June 30, 2026
Sky drama goes sovereign
We moved our Bluesky data to Eurosky
Bluesky users cheer, squint, and argue as one group grabs its data and heads to Europe
TLDR: Waag moved its Bluesky data to a Europe-based host to gain more control and reduce reliance on the platform itself. Commenters split fast: some hailed it as the future of user freedom, while others shrugged that it’s just Bluesky working as designed—and one warned it could make surveillance easier.
A Dutch digital rights group just did something very online and very political: it moved its Bluesky account data off Bluesky’s default system and onto Eurosky, a Europe-based host it says offers more privacy, more control, and less dependence on Big Tech. In plain English, they’re trying to stop one company from holding all the keys to their social media life. The pitch is simple: your posts, followers, and identity should move with you, like email, instead of being trapped on one platform.

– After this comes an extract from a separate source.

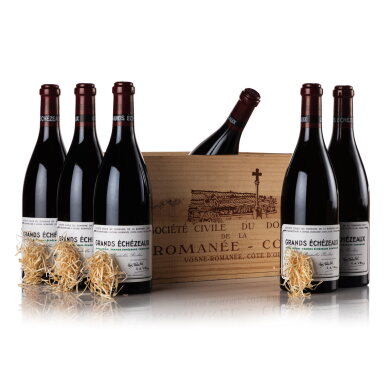 View full screen - View 1 of Lot 239. Grands Echézeaux 2011 Domaine de la Romanée-Conti (6 BT).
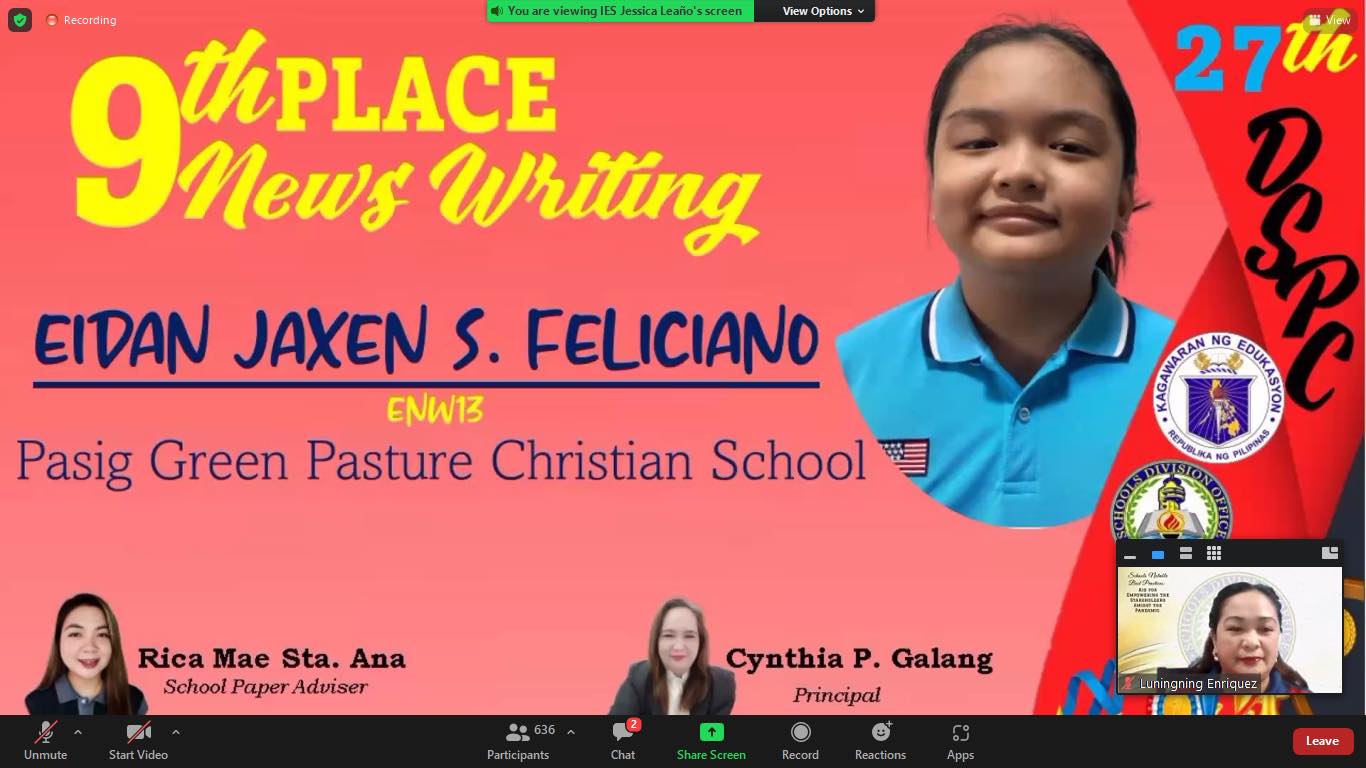 Best Christian School in Manila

But the real fireworks were in the comments. One camp basically said, “Yes, this is the whole point!” If Bluesky is supposed to let people take their data elsewhere, then watching an organization actually do it is a proof-of-concept moment. Another crowd was less impressed, rolling its eyes with a vibe of, “Wait… that’s the news? They used the feature as intended?” And then came the dark turn: one commenter warned that making data easier to move and gather could also be a dream for surveillance, arguing that the messiness of rival networks can actually protect people better.
There was also some classic internet side-quest energy. One self-hosting nerd sounded like they were polishing their résumé in real time, hoping the great platform breakup finally makes their years of server tinkering pay off. Meanwhile, another commenter pushed back on the article’s anti-investor tone, saying huge shared systems usually need real money. So yes: part freedom manifesto, part infrastructure flex, part comment-section cage match.
Key Points
- •Waag says it moved its Bluesky-related data from Bluesky’s standard infrastructure to Eurosky’s Personal Data Server.
- •The article explains that a Personal Data Server in the AT Protocol stores user account data and enables migration without losing identity or content.
- •Waag describes Eurosky as a European hosting provider focused on privacy, transparency, and digital sovereignty under European legislation.
- •Waag says it joined Bluesky to stay present where journalists, scientists, experts, and opinion leaders are active, while criticizing Bluesky’s current degree of decentralization.
- •Waag says the Fediverse remains its primary social network and that it operates its own Mastodon instance, waag.social, with around 500 active users.